Slept better during the night, with no noisy pipes giving me trouble this time, and was able to wake at 6.45 to relax and chill-out before get-up time at 7.30 – something I was to regret later on.
Took breakfast shortly after 8.00 – much the same as yesterday’s, plus some easy-spread American cream cheese. I used the hotel’s Internet terminal to email some photos to the folks back in the UK, but spent too long, so when I checked the times of trains from Queens Village, I realised that I had just missed the 8.42 - the next one (in an hour’s time) would be too late for me to visit the Statue of Liberty.
Deo Gratias however to the bus driver and the E Line Subway, for though my likely assumption was that I had missed the Liberty Cruise, I was going to take it as far as I could and try to see what the options for an exchange or a refund were.
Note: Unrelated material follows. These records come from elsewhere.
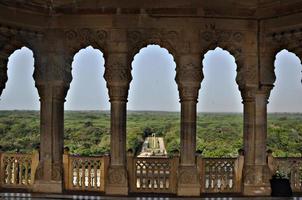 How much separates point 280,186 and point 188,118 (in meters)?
2.65

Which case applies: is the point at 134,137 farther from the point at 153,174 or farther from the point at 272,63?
the point at 272,63

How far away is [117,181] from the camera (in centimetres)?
1046

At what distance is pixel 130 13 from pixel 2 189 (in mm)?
5212

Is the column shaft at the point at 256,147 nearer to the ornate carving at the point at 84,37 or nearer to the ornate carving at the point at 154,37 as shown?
the ornate carving at the point at 154,37

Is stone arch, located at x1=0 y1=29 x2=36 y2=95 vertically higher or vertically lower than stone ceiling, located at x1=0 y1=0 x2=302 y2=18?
lower

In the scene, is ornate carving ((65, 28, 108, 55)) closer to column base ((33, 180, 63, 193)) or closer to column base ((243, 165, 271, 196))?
column base ((33, 180, 63, 193))

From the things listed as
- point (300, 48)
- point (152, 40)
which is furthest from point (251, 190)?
point (152, 40)

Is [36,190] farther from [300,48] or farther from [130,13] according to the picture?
[300,48]

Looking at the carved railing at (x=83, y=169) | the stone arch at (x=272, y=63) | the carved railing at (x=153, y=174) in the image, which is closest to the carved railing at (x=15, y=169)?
the carved railing at (x=83, y=169)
As it happened, I arrived at Castle Clinton at a time nearer 11.00 than 10, but the clerk saw that I was a prepaid customer, and booked me for the 11.30 ferry instead, so all was well.
As I made my way down from one level to the other down the star-shaped pedestal, I got a sense of what made America great: not just the outstanding craftsmanship of the Statue, but also the same exhilaration that Apollo astronauts felt when they looked away from the Moon and back at Earth, to see what a wonderful thing their land was.
I skipped onto the returning ferry at 1.55 which as an added bonus stopped at Ellis Island. I couldn't resist the urge as it was snack time to have a hot dog and a Pepsi in the balmy breezy brilliance of the Hudson and East Rivers. I feel like an American now.
Grateful thanks are also due to the staff at Radio City Music Hall, once I arrived there a little after 3.00. “Are you Joseph Sales?”, asked Emily the attendant when I wandered into the foyer – I must admit I was surprised to be referred personally by name in such a gigantic venue as this. As with the Louis Armstrong House yesterday, the organisers were very accommodating in allowing me to come into the tour a few minutes in. Yesterday I was not allowed to touch most of the lovingly preserved original 1970’s features of the Sachmo House; today I was afraid to touch anything (but also perfectly able to) in this incredible theatre, at the time of its completion in 1932 the biggest cinema in the world, and still one of the largest theatre venues globally. Even the Men’s Rooms looked lavish and opulent, which we were also allowed to use (although in such a theatre of my dreams the idea of the call of nature was about the last thought in my head.)
Also as an added bonus we had one of the renowned Radio City 'Rockettes' (Lindsay Howe) made a personal appearance and spoke a few words about her career and the development of the dancers, and then posed for photos with some of the guests, including yours truly feeling rather vain and indulgent; perhaps I’ve come over all Anglo-American today.
With the rest of the day free to do as I pleased, I marked out the places I had been unable to visit so far, which included St. Patrick's Cathedral, Central Park, the Plaza Hotel, and as I happened to be passing it, Tiffany’s department store (as immortalized by the Audrey Hepburn film taking Breakfast there.)Once I’d finally given up with my ramblings around the city, I jumped onto the Subway back from Brooklyn Bridge, then the Long Island train back to Jamaica and Queens Village. In the absence of anywhere else that I could eat, I tried 'Popeye’s Chicken and Biscuits' (or 'scones' as we'd call the latter), an unexpected novelty, with macaroni cheese as a side dish with some chicken strips of varying chunkiness, before I was eventually able to get into a bath and prepare for the Transatlantic journey home tomorrow. If life truly begins at forty, then this last weekend has been one hell of a pleasant introduction.